The Sun Sentinel, in one of its bolder public stands in memory, wrote Monday that we should do a better job of teaching drivers not to get run over by trains. It was reacting to a federal demand that Florida improve its safety record at railroad grade crossings. The editorial said too many Floridians are reckless drivers. We agree with this profound statement. What do you expect with so many people driving without licenses, some of them people who are illegally in this country to begin with?

 

The paper’s editorial page writer ignored the real problem, which is the existence of grade crossings. Florida, particularly the old Florida East Coast Railroad, has far too many such crossings. We are happy to report that building new ones is getting harder. The CSX tracks used by Tri-Rail are owned by the state and will have no more grade crossings. The FEC is increasingly resistant to growing communities wanting to expand roads to cross the tracks.

 

However, the problem grew for over 100 years, and the result is serious in cities where the FEC has crossings every few blocks. Cumbersome freight trains can barely slow down, much less stop in emergency situations. And residents near the tracks complain that blaring train horns drive them crazy. It could become a much more serious problem when the FEC starts running passenger trains again.
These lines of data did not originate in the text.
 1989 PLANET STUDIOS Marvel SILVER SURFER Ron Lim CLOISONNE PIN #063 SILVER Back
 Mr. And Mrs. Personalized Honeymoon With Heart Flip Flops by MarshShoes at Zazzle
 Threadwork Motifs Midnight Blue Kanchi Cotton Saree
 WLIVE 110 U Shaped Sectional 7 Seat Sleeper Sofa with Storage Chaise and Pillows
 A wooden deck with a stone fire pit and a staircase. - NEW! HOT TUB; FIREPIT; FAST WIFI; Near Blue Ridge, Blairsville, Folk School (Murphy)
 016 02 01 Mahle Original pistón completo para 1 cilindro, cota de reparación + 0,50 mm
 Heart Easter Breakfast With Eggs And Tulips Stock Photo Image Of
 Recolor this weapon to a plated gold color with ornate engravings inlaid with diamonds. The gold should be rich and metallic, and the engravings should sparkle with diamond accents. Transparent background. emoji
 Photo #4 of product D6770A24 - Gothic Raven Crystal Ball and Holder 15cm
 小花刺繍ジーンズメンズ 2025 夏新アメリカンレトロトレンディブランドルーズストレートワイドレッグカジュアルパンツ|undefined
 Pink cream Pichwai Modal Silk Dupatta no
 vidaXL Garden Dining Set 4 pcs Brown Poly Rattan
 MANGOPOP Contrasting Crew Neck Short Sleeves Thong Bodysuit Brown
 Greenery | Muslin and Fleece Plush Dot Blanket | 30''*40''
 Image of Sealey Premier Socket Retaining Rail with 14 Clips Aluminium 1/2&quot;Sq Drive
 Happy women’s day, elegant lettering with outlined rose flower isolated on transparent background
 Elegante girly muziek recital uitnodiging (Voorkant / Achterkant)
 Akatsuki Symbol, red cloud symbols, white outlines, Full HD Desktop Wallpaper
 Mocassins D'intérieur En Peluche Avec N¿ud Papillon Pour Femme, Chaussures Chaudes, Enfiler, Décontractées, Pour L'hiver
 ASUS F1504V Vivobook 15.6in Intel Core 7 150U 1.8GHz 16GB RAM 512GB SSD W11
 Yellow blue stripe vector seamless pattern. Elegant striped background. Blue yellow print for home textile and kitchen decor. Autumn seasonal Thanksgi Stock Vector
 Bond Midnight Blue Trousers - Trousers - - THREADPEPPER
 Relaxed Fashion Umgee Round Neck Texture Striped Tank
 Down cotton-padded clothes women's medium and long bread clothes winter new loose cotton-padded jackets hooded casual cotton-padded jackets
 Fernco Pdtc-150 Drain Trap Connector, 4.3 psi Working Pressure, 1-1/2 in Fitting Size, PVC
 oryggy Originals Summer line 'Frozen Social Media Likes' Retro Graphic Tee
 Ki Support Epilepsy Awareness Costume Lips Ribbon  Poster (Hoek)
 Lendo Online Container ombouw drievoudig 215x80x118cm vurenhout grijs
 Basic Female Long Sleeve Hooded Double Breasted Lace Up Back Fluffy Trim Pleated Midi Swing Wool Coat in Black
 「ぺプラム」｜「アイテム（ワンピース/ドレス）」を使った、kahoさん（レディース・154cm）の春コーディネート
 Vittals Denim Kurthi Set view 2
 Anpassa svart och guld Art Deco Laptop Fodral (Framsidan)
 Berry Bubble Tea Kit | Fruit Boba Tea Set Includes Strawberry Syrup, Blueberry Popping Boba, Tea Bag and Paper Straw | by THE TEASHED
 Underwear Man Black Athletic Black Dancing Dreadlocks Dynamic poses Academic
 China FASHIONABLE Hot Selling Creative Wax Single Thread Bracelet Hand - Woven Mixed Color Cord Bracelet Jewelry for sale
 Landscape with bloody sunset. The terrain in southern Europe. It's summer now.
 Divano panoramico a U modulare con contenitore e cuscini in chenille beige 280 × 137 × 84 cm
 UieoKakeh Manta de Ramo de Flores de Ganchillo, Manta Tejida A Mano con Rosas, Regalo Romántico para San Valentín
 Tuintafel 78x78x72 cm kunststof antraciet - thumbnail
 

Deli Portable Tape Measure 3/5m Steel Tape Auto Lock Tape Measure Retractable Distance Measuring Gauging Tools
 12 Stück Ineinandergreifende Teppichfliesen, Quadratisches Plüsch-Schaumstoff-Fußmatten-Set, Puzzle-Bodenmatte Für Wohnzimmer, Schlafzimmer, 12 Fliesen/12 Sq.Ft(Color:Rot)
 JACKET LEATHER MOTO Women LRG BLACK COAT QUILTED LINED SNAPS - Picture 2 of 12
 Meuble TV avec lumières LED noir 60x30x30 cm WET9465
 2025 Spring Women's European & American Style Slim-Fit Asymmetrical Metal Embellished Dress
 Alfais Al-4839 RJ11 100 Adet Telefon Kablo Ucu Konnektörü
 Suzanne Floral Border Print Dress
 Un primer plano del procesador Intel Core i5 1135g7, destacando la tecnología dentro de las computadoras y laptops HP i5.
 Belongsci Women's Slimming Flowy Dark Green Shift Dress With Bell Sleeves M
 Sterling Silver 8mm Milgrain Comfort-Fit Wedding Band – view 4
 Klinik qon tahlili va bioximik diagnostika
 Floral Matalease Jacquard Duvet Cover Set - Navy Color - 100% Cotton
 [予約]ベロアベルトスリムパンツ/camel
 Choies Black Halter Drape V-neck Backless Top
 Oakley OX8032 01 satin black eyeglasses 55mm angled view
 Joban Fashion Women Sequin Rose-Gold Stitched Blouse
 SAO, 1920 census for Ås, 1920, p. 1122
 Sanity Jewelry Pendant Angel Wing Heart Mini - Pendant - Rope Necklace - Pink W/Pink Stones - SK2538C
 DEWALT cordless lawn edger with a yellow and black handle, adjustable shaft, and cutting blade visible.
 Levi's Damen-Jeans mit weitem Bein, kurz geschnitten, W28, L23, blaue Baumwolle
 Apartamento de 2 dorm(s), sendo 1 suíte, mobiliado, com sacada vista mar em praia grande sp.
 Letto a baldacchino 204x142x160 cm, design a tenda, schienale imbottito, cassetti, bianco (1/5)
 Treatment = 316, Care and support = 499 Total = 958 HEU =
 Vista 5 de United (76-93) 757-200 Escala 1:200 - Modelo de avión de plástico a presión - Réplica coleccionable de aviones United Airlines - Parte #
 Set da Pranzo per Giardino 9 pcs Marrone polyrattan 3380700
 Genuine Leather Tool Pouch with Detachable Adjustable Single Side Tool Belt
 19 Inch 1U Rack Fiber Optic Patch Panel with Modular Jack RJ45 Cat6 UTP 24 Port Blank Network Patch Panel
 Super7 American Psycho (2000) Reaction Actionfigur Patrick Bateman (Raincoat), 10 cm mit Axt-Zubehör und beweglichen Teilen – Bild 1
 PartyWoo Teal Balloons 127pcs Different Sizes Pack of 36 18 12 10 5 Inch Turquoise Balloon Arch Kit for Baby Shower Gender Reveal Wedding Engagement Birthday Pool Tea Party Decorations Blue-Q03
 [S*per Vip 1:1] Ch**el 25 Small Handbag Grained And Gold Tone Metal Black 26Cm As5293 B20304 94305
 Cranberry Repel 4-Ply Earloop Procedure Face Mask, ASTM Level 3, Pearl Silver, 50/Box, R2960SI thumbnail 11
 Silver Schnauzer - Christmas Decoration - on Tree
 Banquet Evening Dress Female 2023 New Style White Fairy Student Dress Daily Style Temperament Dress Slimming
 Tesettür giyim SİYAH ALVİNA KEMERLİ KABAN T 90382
That event seems inevitable because Amtrak wants to use its tracks, the FEC seems to want them used and Tri-Rail absolutely needs to switch some trains to the FEC to make that commuter service truly useful. The problem is that nobody wants to pay for it.

 

In assessing the impact of Florida losing $7 million in federal dollars, the Sun Sentinel observed that “New overpasses are out of the question because of expense.” There’s the problem. Expense doesn’t seem to matter when we build interstates or improve busy streets. Then the highways go up and down like roller coasters, jumping over roads, railroad tracks and waterways – expenses be damned. The irony is that such lavish expenditures for highways only fuel the growth along those roads, leading to more traffic and more confrontations between the iron rails and asphalt roads. The danger is self-fulfilling.

 

Today there are sections of northern Palm Beach County and the three Treasure Coast counties where there is considerable distance between grade crossings. Passenger trains could move at a good clip much of the way. But as those communities develop, it is likely that new crossings will appear, making higher train speeds less feasible.

 

The obvious solution, Sun Sentinel, is to rebuild the FEC, at least in the busy communities. In so doing, elevated stations in center cities could generate commercial development on all sides. Northern railroads faced that reality a century ago. There are commuter lines all over Philadelphia and New York, but you will be hard pressed to find a grade crossing within those cities. Visitors to Philadelphia would not even know there is a network of connecting rails buried beneath the big buildings of its downtown.

 

It would not be possible to run the popular Acela train at high speeds between Boston and Washington had not the railroads years ago either elevated or depressed the tracks for most of that route.

 

Expensive? Of course. But it had to be done and needs to be done now in Florida. The proposed costly high-speed train between Miami and Orlando would be nice, but the money could be better spent – much better spent – on rebuilding the FEC, largely by bridging the tracks (ditches won’t work in Florida) and closing grade crossings to make fast commuter service possible along the densely populated Gold Coast corridor. In the long run, economic growth along that track would offset the coast. The danger would take care of itself. So would the noise.